▸ **Information shown**
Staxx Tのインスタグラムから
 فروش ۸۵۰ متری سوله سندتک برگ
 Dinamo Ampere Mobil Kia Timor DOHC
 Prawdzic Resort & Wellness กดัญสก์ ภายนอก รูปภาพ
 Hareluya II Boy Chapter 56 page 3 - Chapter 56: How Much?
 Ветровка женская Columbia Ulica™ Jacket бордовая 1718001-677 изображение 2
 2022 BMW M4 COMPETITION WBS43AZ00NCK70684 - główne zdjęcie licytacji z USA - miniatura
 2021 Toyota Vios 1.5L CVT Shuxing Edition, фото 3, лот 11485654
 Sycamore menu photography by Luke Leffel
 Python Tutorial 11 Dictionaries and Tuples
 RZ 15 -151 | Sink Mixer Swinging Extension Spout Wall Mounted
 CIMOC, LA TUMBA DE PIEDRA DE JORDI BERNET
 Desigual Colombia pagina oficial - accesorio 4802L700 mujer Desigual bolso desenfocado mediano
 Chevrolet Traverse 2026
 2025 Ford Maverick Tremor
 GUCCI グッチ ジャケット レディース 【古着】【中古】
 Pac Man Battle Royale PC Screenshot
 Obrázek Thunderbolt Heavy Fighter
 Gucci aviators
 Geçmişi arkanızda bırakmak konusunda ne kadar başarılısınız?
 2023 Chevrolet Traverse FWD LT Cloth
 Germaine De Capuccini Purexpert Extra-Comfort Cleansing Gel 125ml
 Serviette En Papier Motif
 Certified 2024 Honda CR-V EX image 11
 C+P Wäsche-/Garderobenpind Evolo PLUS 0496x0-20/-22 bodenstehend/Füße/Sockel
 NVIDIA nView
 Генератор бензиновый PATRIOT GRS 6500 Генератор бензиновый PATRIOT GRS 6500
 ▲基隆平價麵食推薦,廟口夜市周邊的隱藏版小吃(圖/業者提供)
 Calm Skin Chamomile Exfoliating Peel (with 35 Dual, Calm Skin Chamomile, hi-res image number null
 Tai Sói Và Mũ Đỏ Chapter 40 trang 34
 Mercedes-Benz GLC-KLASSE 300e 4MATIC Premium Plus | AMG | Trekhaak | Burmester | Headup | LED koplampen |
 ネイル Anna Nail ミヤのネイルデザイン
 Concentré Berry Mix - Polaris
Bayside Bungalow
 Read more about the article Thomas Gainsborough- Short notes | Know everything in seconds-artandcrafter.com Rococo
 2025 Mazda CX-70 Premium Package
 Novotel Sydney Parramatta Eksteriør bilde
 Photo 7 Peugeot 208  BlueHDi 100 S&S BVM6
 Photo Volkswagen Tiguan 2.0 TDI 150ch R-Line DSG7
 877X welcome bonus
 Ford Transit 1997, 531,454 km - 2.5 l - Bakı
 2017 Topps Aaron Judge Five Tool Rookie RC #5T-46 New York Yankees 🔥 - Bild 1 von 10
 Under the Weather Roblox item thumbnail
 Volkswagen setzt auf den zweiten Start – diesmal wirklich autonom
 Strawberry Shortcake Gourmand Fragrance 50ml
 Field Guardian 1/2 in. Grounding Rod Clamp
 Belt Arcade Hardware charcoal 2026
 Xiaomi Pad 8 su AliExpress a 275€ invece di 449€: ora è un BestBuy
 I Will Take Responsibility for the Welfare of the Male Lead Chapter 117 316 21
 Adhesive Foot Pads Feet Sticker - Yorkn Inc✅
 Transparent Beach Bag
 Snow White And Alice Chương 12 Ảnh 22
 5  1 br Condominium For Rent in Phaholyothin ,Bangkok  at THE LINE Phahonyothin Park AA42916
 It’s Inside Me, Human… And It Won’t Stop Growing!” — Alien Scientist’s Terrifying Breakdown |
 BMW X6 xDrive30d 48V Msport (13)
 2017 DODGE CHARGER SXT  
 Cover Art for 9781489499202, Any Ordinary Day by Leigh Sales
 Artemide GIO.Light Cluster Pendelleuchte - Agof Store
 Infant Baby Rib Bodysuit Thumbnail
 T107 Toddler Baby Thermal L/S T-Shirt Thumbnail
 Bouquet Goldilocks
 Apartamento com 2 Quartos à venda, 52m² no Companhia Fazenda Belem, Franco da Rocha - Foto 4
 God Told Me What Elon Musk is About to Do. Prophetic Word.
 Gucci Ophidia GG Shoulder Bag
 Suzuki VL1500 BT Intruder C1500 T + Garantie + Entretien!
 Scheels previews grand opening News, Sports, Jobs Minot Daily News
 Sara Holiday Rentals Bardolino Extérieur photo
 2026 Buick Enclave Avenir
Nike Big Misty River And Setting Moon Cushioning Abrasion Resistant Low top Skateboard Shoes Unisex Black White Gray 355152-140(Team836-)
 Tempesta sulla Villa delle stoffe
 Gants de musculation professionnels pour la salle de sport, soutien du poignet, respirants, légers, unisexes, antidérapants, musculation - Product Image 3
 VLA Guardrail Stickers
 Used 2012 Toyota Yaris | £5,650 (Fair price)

▸ **About this exercise**
When a line in the listing has the string "Volkswagen" in it, return that line.

▸ **Answer box**
 Photo Volkswagen Tiguan 2.0 TDI 150ch R-Line DSG7
 Volkswagen setzt auf den zweiten Start – diesmal wirklich autonom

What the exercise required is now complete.